The method which forms the electrode mix uncoated areas by means of the shutter disposed immediately before the doctor blade has disadvantages that the electrode mix adhered to the uncoated areas degrades a weld strength of the tab plate and separates the welded tab plate. Besides, the method of forming the uncoated areas by the roller coating causes bulges at the start and end of coating, possibly cutting the conductive base material while pressing.
Specifically, the sheet electrode plate is compressed under high pressure by the roller press. But, when a pressure is raised, a space (gap) between the press rollers becomes substantially zero if no conductive base material is between them. Therefore, if the sheet having the electrode mix uncoated areas is pressurized and compressed under this situation, a very strong force is applied when the uncoated area is passed between the rollers after the coated area, and the conductive base material is partly stretched or cut. And, if the conductive base material is cut off, the opposed rollers are directly contacted mutually, resulting in damaging the roller surfaces.

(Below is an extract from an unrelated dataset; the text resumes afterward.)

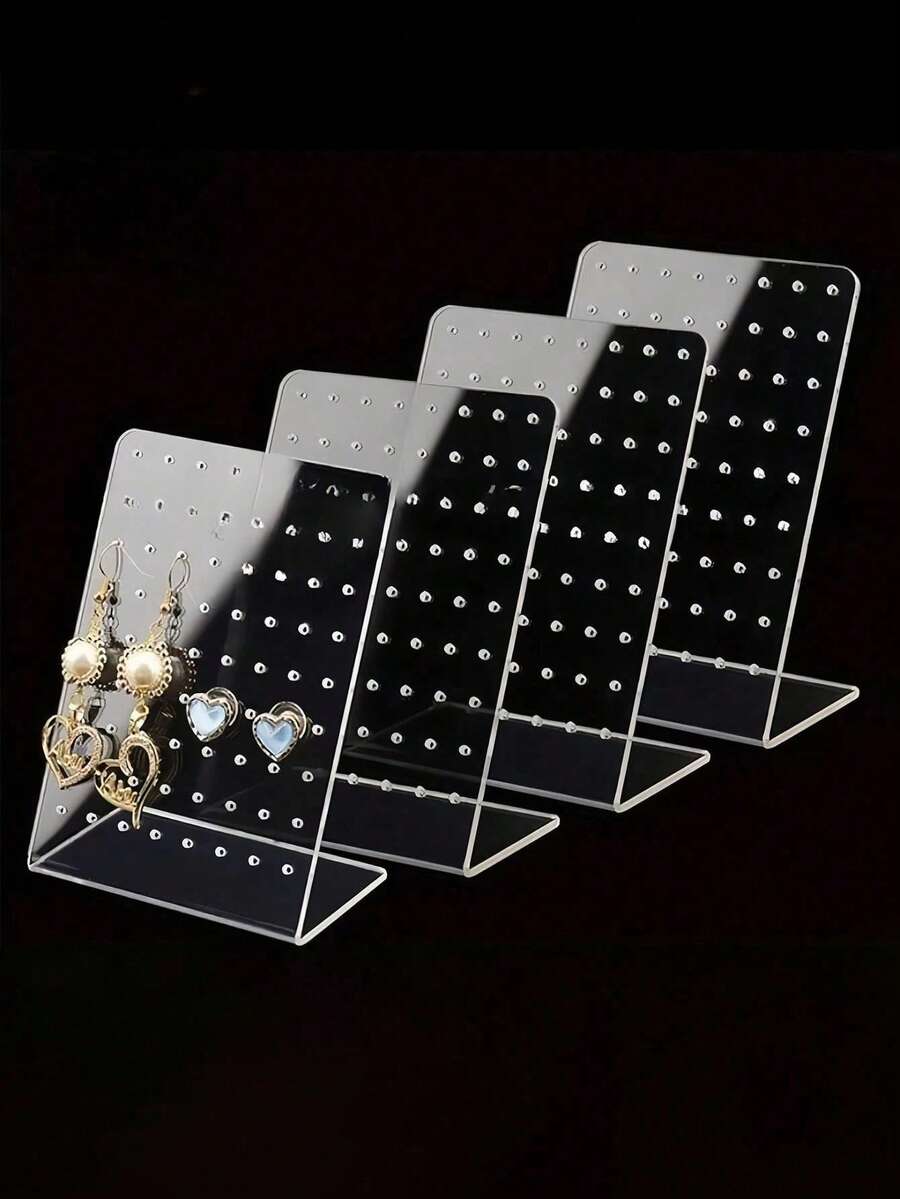72/120 Holes Acrylic Earring Storage Display Rack, Transparent Earring Jewelry Organizer, Retail Marketing Home Storage, Back To School Essential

Thus, batteries using the sheet electrode plates produced by the above methods tend to suffer from deterioration in performance of charging and discharging cycle over a long period.
Specifically, these methods had disadvantages of needing additional processes of changing nozzles and peeling because the supporting material is continuously coated with a predetermined amount of electrode mix. The sheet electrode plates produced by the above methods are cut to a length suitable for a single cylindrical or square battery and wound into a roll, and when it is particularly used for a cylindrical battery, inflow and outflow of the electrolytic solution owing to the charging and discharging are different between the core and the outer periphery due to a difference in radius of curvature, and performance is easily degraded by a charging and discharging cycle over a long period.